= Dataset content =

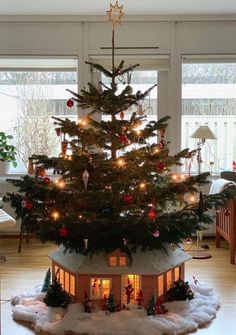 a small christmas tree in the middle of a house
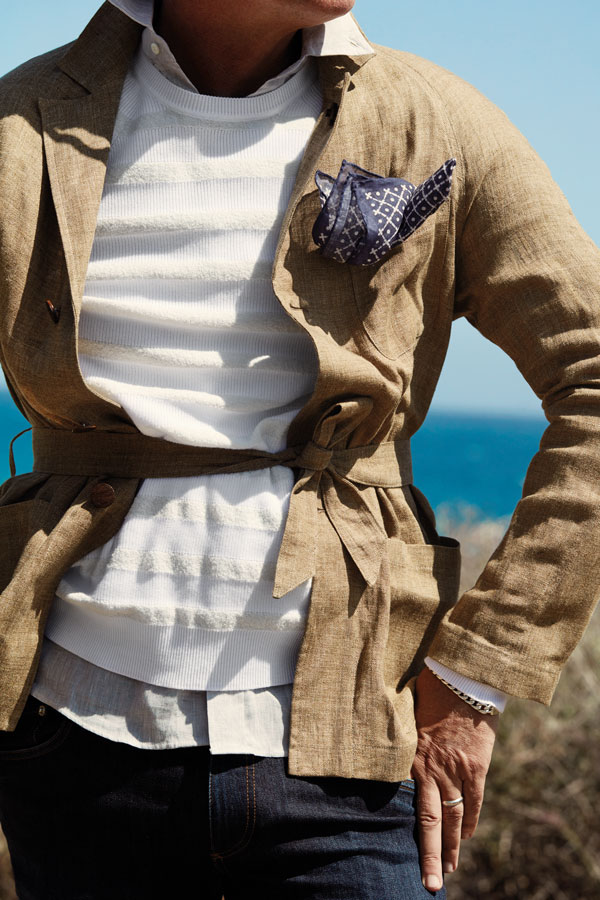 Beige linen single-breasted jacket, Lardini at The Rake; cream cotton textured striped jumper, Corneliani; grey linen shirt, Brunello Cucinelli; true blue cotton denim jeans, Dolce & Gabbana; navy and white cotton diamond print pocket-handkerchief, Anderson & Sheppard Haberdashery. Styling by Jo Grzeszczuk, photograph by Neil Gavin.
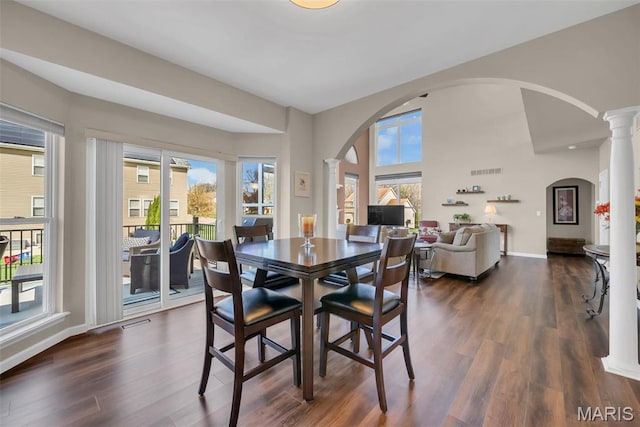 1101 Panda Ct, Wentzville, MO 63385 - dining room featuring arched walkways, decorative columns, plenty of natural light, and dark wood-type flooring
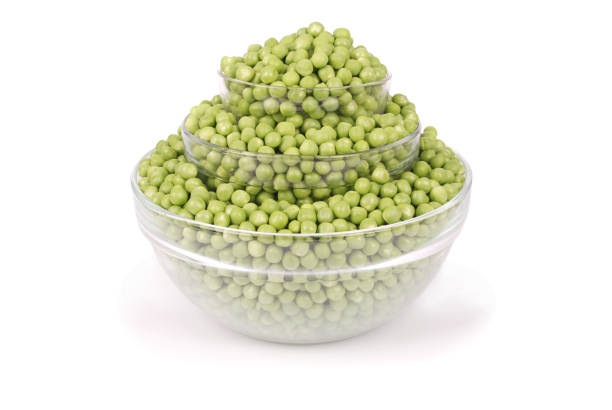 istock Fresh green peas in bowl isolated on white 891765848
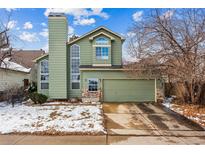Charming two-story home features a two-car garage, tall chimney and large windows at 12667 Meade St, Broomfield, CO 80020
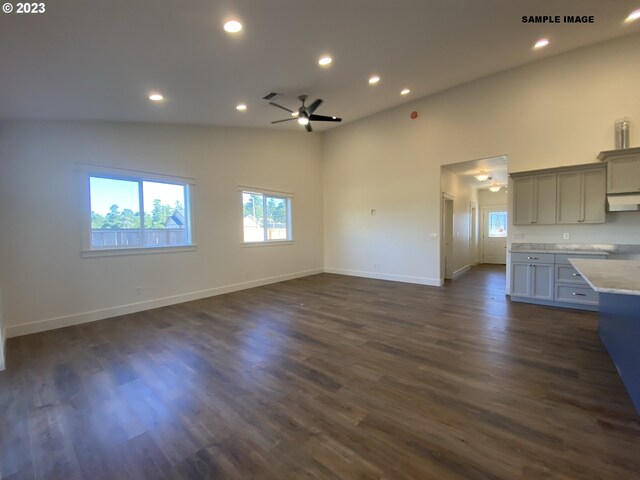 unfurnished living room featuring ceiling fan, dark wood-type flooring, and high vaulted ceiling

= Activity =
Transcribe the listing above exactly, but only from the line with "1101 Panda Ct, Wentzville, MO" through the line with "istock Fresh green". Include both of those lines and omit the pictures.

= Problem solution =
 1101 Panda Ct, Wentzville, MO 63385 - dining room featuring arched walkways, decorative columns, plenty of natural light, and dark wood-type flooring
 istock Fresh green peas in bowl isolated on white 891765848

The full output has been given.